** SUPPLIED RECORDS follows **
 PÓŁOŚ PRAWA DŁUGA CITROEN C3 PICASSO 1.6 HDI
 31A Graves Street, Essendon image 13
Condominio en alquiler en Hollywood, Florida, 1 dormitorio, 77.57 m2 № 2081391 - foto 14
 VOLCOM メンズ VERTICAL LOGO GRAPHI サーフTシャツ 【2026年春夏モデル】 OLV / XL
** End of SUPPLIED RECORDS **
** SUPPLIED RECORDS follows **
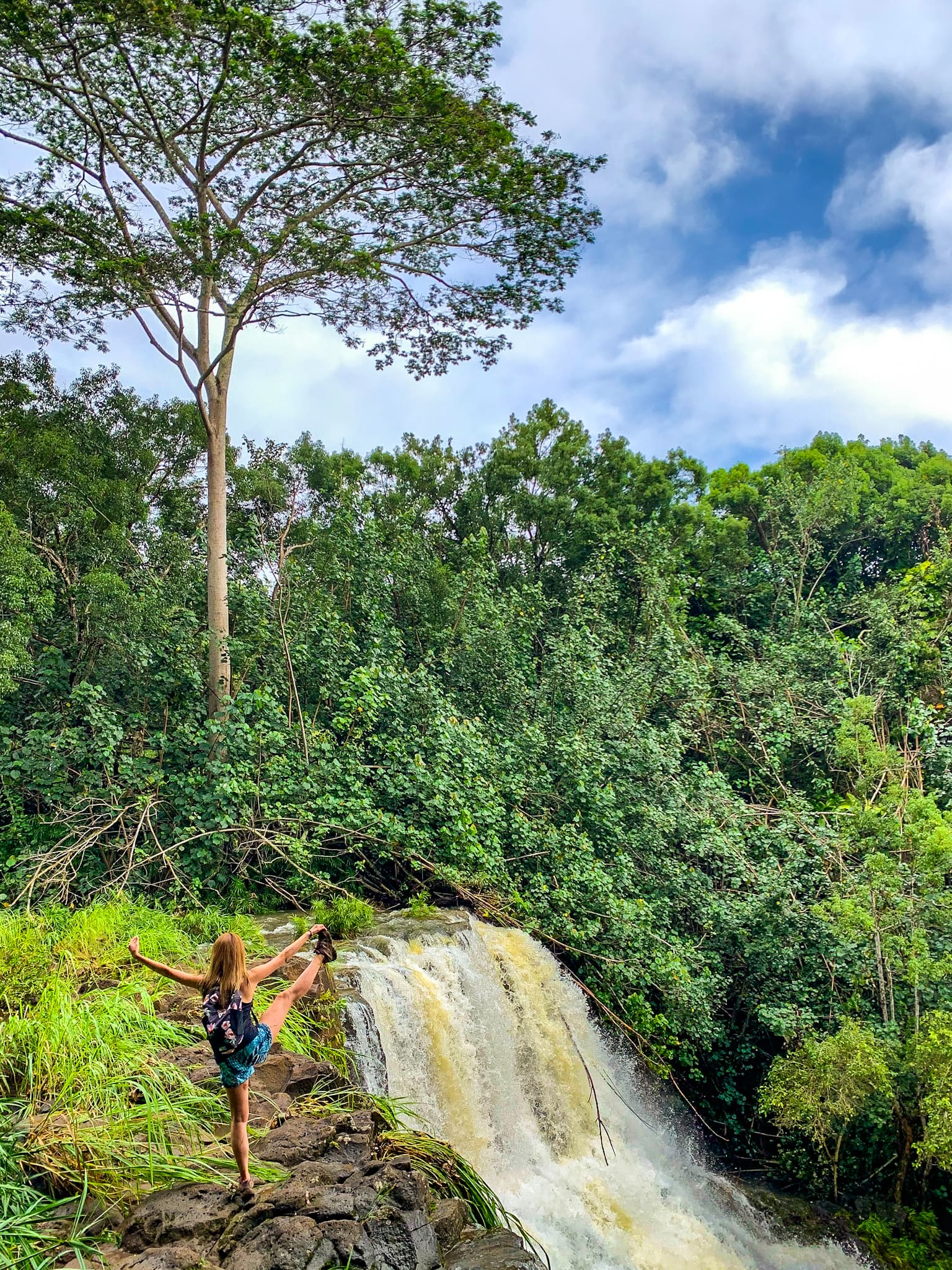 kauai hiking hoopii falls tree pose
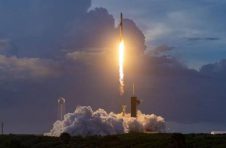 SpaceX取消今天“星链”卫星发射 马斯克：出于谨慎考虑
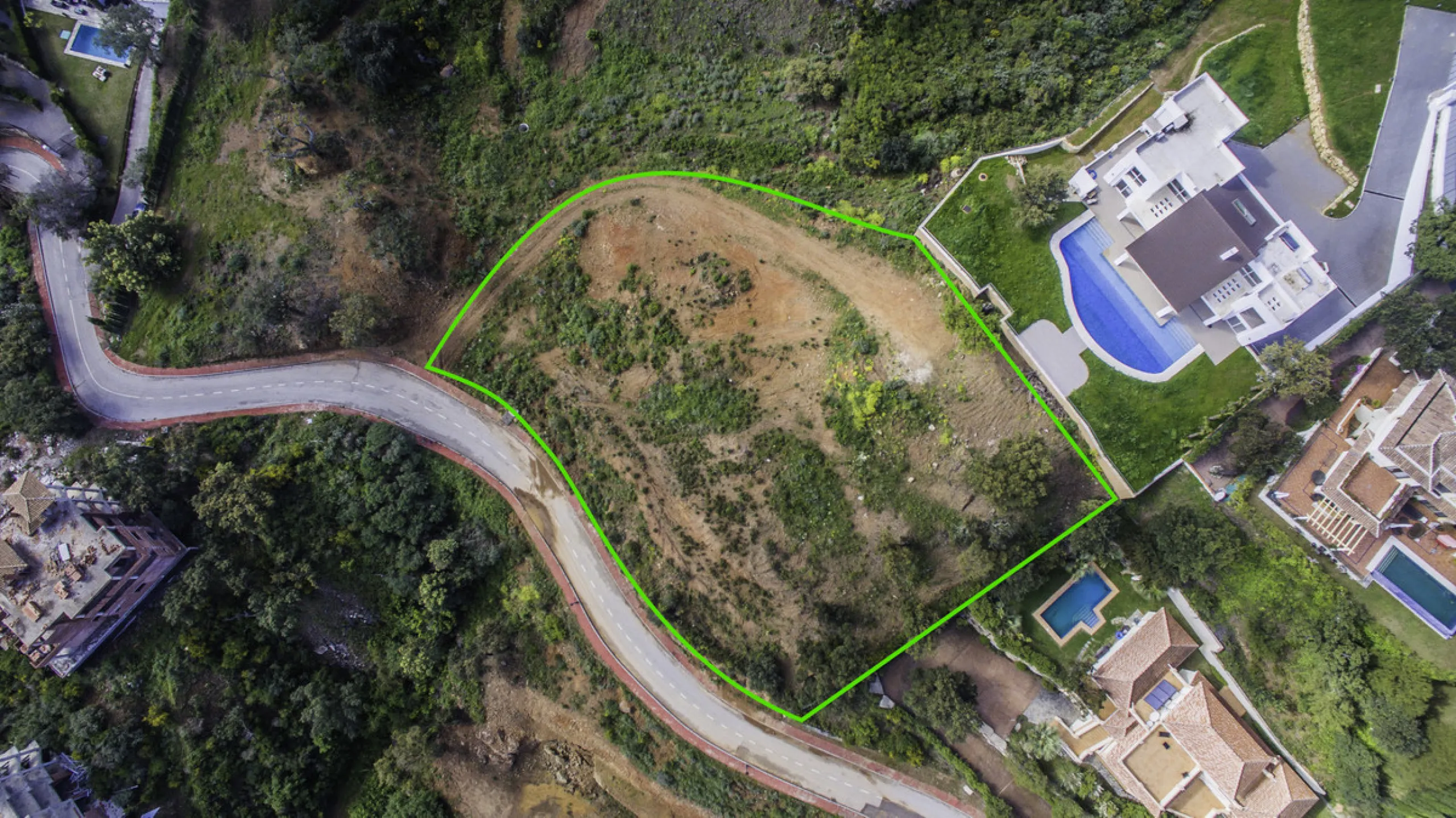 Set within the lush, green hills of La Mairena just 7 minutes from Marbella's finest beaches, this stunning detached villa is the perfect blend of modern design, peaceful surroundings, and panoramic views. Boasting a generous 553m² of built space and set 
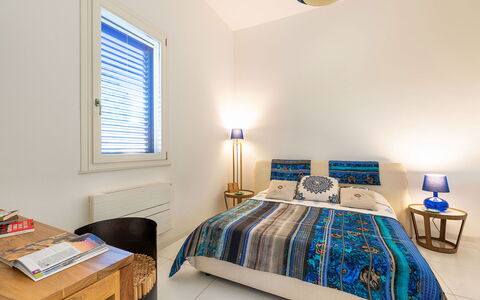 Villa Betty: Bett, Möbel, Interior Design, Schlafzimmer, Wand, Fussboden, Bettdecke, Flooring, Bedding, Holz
** End of SUPPLIED RECORDS **
** SUPPLIED RECORDS follows **
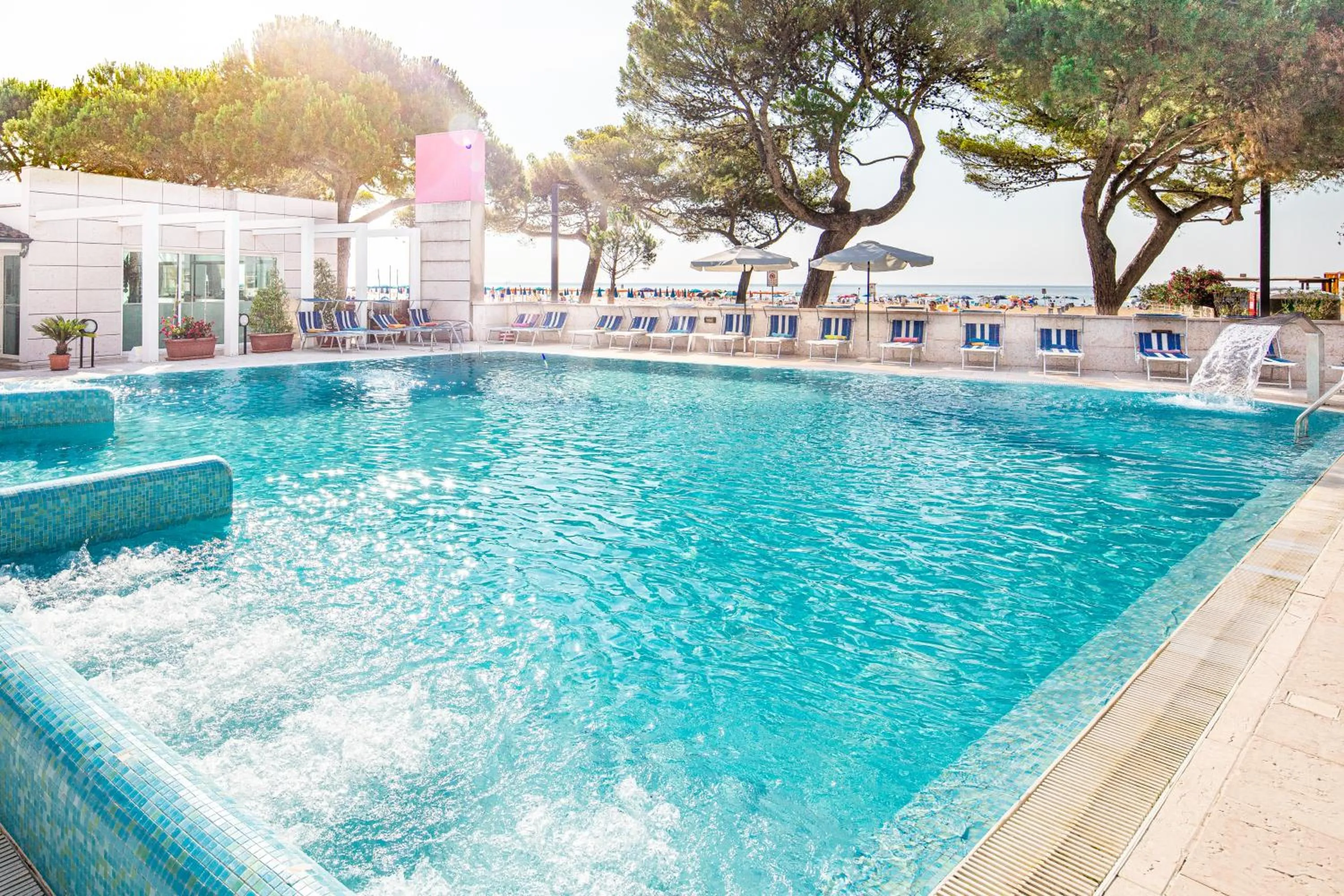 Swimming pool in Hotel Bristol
** End of SUPPLIED RECORDS **
Starting at the line above that holds "Set within the", repeat every line exactly down to and including the line that holds "Villa Betty: Bett, Möbel, Interior", then stop. Do not carry over any pictures.

ANSWER TO THE EXERCISE
 Set within the lush, green hills of La Mairena just 7 minutes from Marbella's finest beaches, this stunning detached villa is the perfect blend of modern design, peaceful surroundings, and panoramic views. Boasting a generous 553m² of built space and set 
 Villa Betty: Bett, Möbel, Interior Design, Schlafzimmer, Wand, Fussboden, Bettdecke, Flooring, Bedding, Holz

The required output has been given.